Siddhalepa, one of the biggest names in ayurvedic products in Sri Lanka, was the first to introduce a non-white toothpaste based on an ayurvedic formula. Siddhalepa's Supirivicky brand since its launch in 1994 commands an 18 to 19% market share. Company managing director Asoka Hettigoda feels that there are many reasons for the rise in ayurveda and herbal toothpaste demand.
"There are many reasons. People hear of the side effects of chemicals. They hear of products being removed from the market due to side effects. Asians have a likeness to natural and traditional things," said Hettigoda.
Asked about toothpast contents, Hettigoda said "the fluoride content in water is a valid argument. But it is an old concept. Fluoride essentially prevents cavities whereas there are many other benefits from ayurveda toothpaste." The company product is a patented and proven formulation recognised by the Department of Ayurveda.

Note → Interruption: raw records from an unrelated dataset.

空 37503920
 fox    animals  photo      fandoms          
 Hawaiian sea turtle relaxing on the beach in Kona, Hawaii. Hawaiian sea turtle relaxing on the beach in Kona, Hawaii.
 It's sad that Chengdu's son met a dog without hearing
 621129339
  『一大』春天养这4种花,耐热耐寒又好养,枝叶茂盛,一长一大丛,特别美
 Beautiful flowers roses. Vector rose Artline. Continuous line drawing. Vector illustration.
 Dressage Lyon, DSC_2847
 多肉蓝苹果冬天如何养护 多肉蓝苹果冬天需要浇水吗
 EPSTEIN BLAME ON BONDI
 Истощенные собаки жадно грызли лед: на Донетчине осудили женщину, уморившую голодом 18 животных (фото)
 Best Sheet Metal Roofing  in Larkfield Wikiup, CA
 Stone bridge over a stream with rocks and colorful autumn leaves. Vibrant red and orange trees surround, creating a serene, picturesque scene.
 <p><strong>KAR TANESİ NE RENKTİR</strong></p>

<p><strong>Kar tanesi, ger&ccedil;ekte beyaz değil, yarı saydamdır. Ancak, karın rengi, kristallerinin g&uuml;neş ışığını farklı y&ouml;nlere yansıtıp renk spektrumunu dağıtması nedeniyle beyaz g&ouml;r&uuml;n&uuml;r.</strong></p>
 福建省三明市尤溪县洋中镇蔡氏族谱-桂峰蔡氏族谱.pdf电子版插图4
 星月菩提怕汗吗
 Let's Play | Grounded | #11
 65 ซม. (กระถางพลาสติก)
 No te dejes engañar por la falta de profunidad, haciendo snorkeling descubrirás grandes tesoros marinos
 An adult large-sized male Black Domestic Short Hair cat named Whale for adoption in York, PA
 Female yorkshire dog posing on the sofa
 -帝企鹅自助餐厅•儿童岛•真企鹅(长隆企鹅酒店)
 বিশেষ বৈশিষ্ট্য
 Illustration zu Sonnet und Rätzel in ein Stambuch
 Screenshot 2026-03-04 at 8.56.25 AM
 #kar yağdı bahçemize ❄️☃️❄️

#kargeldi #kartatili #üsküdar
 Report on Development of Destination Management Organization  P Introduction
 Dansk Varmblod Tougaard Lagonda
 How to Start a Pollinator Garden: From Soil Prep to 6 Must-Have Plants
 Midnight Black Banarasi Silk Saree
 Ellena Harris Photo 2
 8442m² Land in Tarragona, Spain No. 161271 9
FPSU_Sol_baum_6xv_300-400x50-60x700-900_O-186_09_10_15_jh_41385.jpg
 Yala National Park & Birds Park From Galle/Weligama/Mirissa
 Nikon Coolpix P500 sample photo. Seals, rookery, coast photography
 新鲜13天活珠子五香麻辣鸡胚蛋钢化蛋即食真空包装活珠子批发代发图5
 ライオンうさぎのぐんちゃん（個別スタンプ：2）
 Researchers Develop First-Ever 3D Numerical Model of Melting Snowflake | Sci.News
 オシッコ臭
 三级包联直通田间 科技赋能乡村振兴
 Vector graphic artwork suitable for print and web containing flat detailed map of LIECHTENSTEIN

Siddhalepa, which recently also received an award from the Sri Lanka Institute of Marketing (SLIM) as one of the two brands to be recognized outside Sri Lanka based on its performance of Supirivicky, has also introduced yet another brand.
Sumudu, a toothpaste made with ayurvedic oils since its launch two months ago has already gained a 7% market share.
Hettigoda said that Sumudu was introduced to the market to attract upper class consumers who do not feel comfortable with the color of Supirivicky. Sumudu with its lighter color and lami-tube packaging is having "tremendous" sales in most of the supermarkets in Colombo, according to Hettigoda.
Mr. Gihantha Jayasinghe, brand manager for Signal and SR toothpaste of multinational Unilever Ceylon Ltd. declined to divulge figures of their market share but acknowledged the growth in ayurvedic toothpastes.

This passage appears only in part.